Most of the tips I gave you in the "General Tips" section apply to Google My Business. There aren't a lot of special sections here to worry about, so I'm just going to give you a brief checklist.
Good, best, meh. The Nuvo Room's photograph stands out. The magical lighting and beautiful colors pop off the page. Brake and Clutch has a decent photo. The Room on Main gets the 'meh' rating. We can't tell much about the venue by looking at someone's random wedding party, and the photo is really dark.
Remember your showcase photo is going to appear first in thumbnail form. Double check it to make sure it looks great. Wedding planning is a visual art!
A lot of families do at least 80% of their wedding planning by sharing a bunch of ideas back and forth on Facebook. So while it's not exactly a wedding-exclusive review site, it's probably one of the most important web properties for you to knock out of the park.
Good news? Facebook pages have gotten pretty sophisticated over the years, offering some pretty cool options for putting your best foot forward.
Use a slow-moving video as your page header.
It should probably be a silent video (nobody likes sudden, unexpected music, and this thing auto-plays). Don't let it go so fast it sears your prospective customer's eyes out or makes them dizzy. But using video this way is a nice, professional touch.
While you're at it, make sure the smaller picture to the left helps convey what makes your business special.
A pretty "About" post will stand out.
You can leave this right at the top of your page's feed. When customers click to read more they can see something like this.
This post is enticing, beautiful, and succinct. You instantly know what's special about this venue.
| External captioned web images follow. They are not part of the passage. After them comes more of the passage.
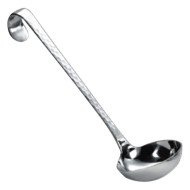 PUNCH LADLE L32CM HAMMERED SST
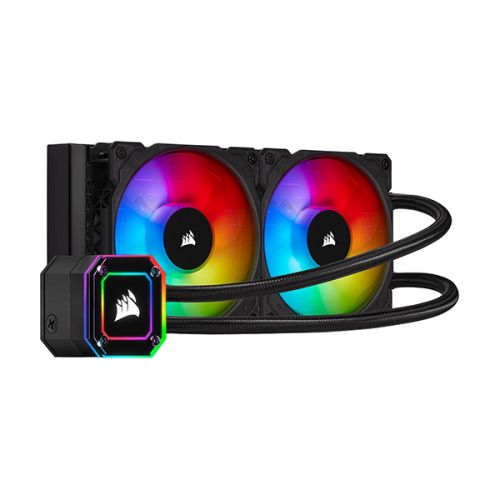 Corsair iCUE H100i ELITE CAPELLIX 240MM CPU Liquid Cooler - Black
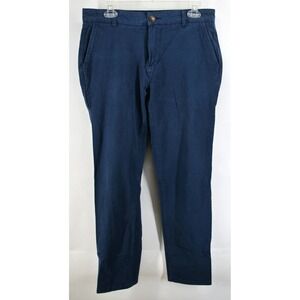 Mugsy Morgans Chino Pants Mens 33x32 Dark Navy Blue Casual Stretch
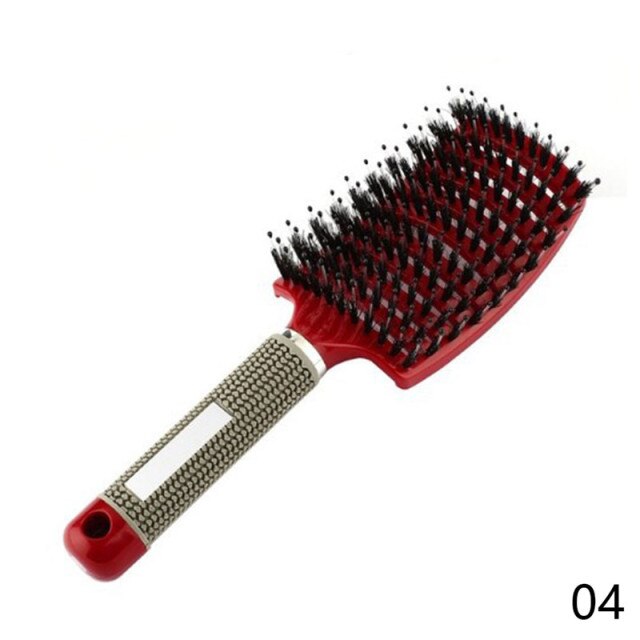 Curved Vented Professional Detangling Comb Portable Home Massage Hair Brush Styling Tools Fast Drying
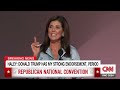 See Trump react to Haley telling her supporters to back him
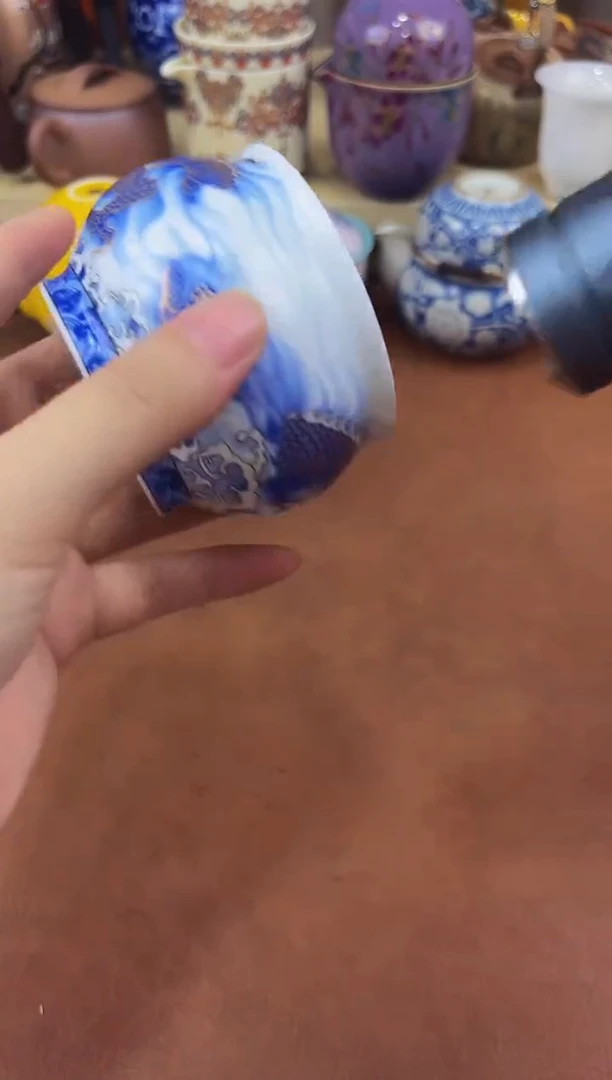 陶瓷茶具摆件旅行套组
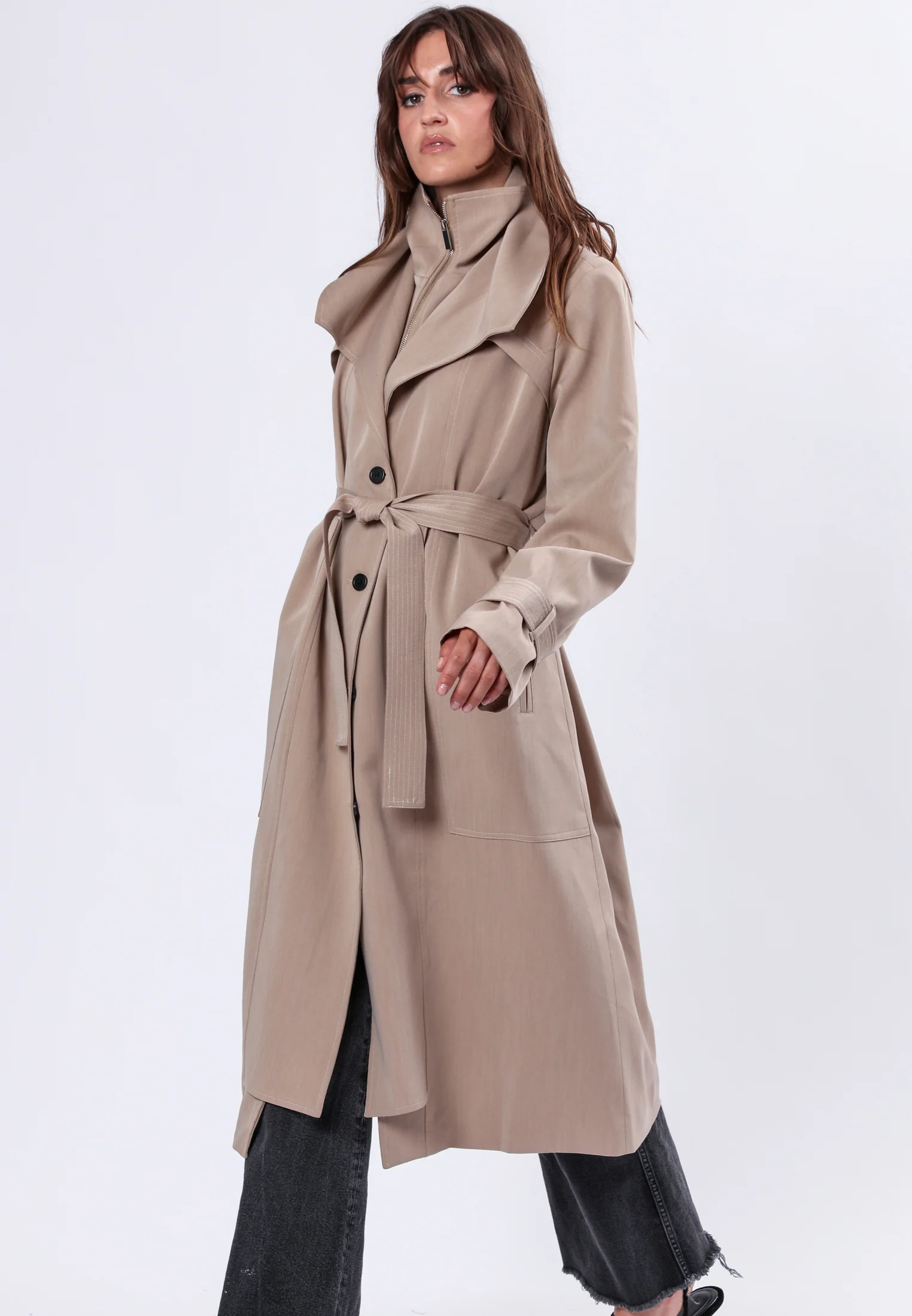 SPIRIT TAUPE TRENCHCOAT - Image 6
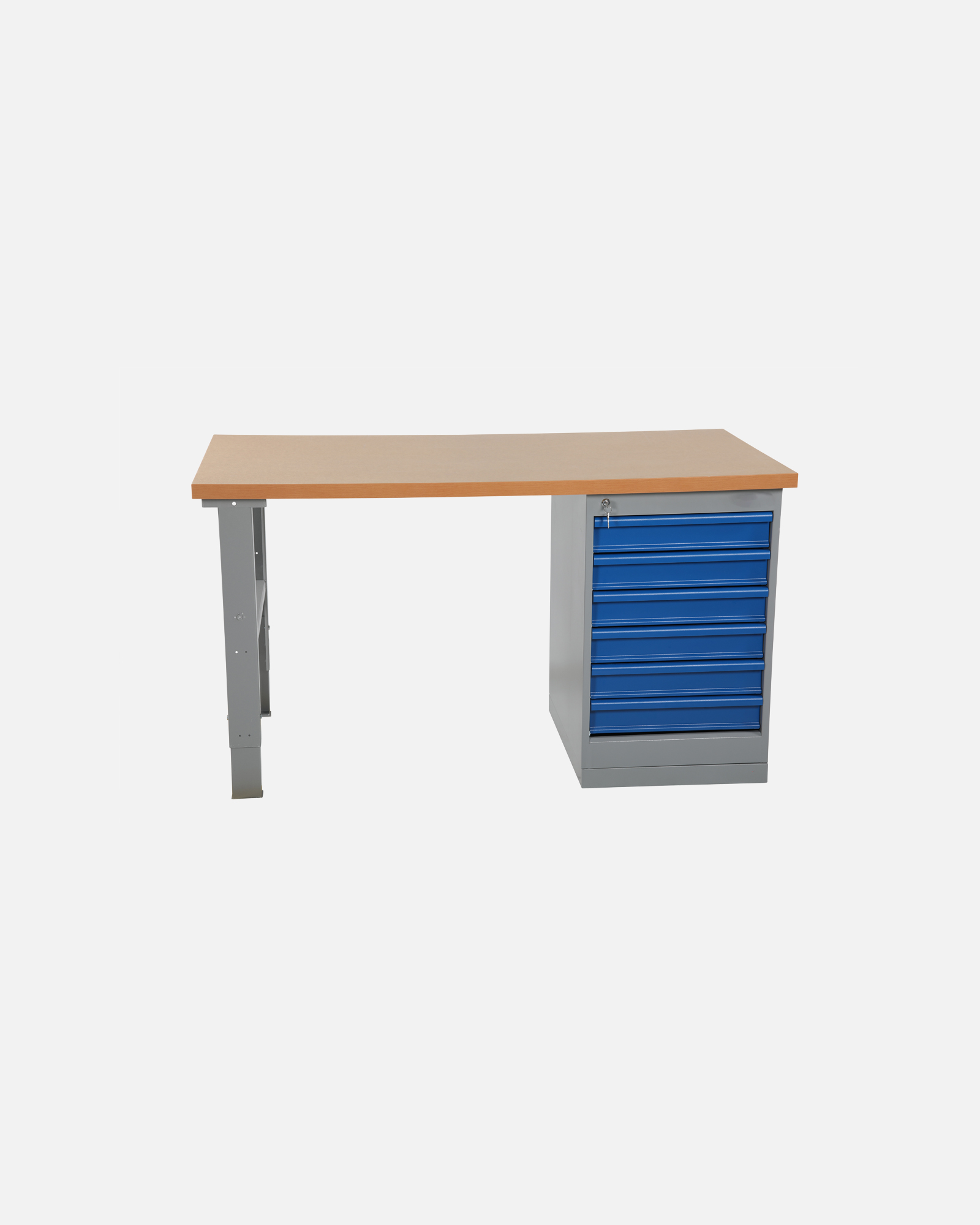 Worktable With Drawer Unit 6 Drawers 2000mm Board
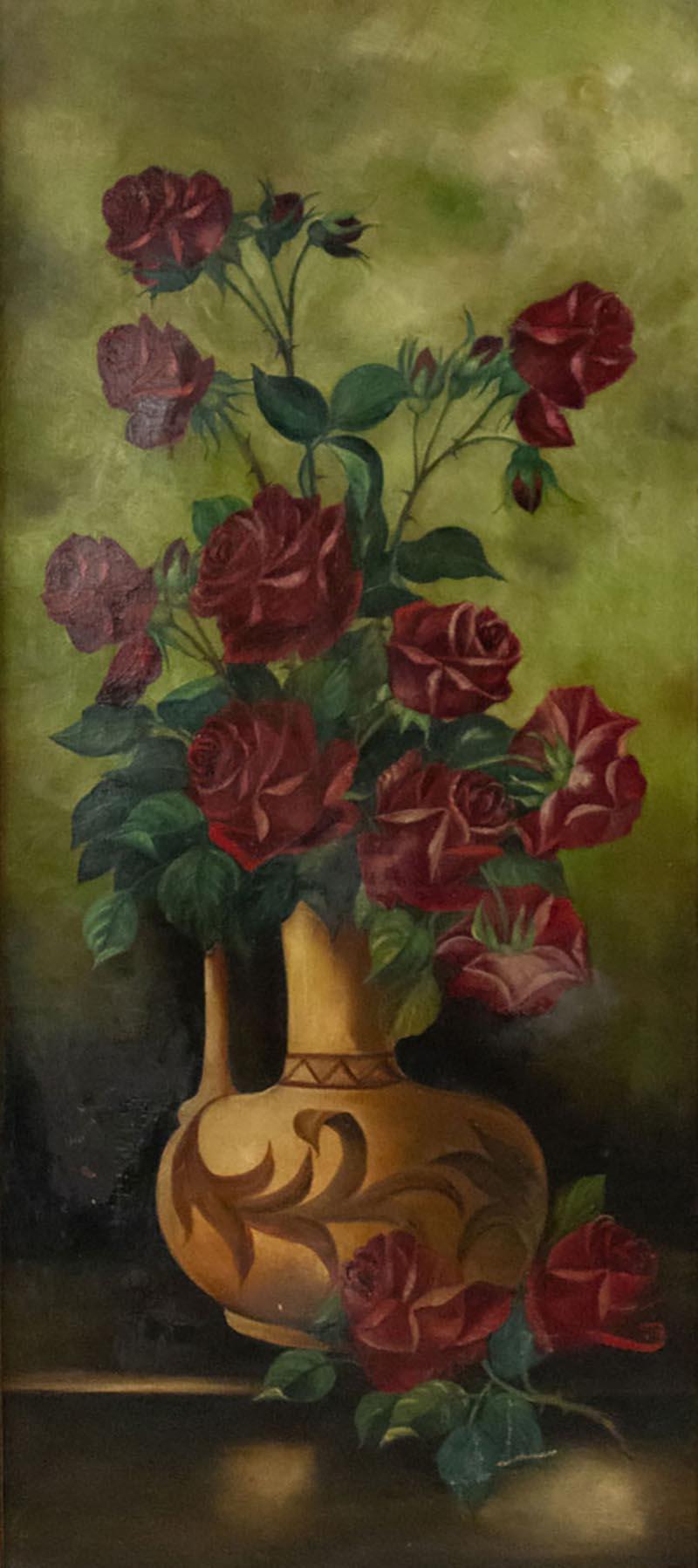 French Victorian Roses Painting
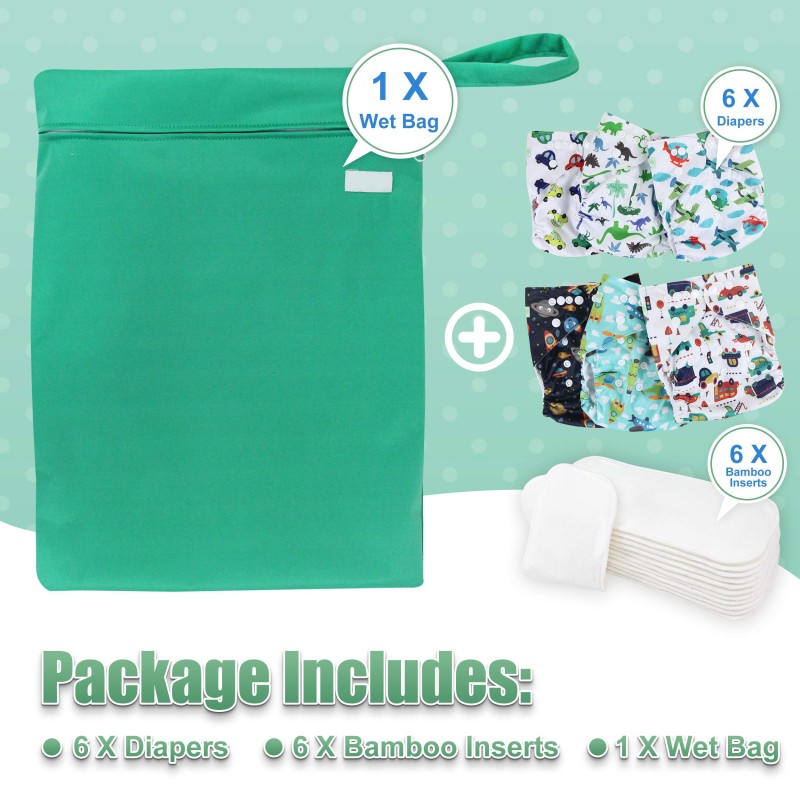 Bamboo Diapers Supplier - Washable Reusable Organic Wholesale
Stay current, stay social.
Don't forget Facebook is a social site. You need to put up at least one new post a week.
Here are a few ideas:
It's better if you are posting something two or even three times a week, but make sure you don't go idle.
You also want to pay close attention to Messenger. People will try to contact you and book with you via Facebook. Make sure someone is checking those messages every day.
Give Facebook the same level of attention and seriousness you'd give to manning your phones. This is the Age of the Internet. Some of us genuinely are not into making phone calls if we can help it. A lot of people would love to be able to plan their entire wedding with their keyboard. Make it easy on them.
Communicate, interact, and comment on things people post on your page, including reviews. It makes you look open, attentive, and friendly. It also tells people you know what a social media site is for. Equally important.
Don't get overwhelmed!
Claiming all these web properties can feel like a real pain. It takes time to write the descriptions, to upload tons of photos, and to deal with the different set-ups on every single site. Resist the urge to race through the process. It may take awhile to create beautiful profiles, but each one of them represents some of the best free advertising you're ever going to invest in.
If you give these profiles some love by giving them the attention they deserve, they'll give you some love by giving you the leads you deserve.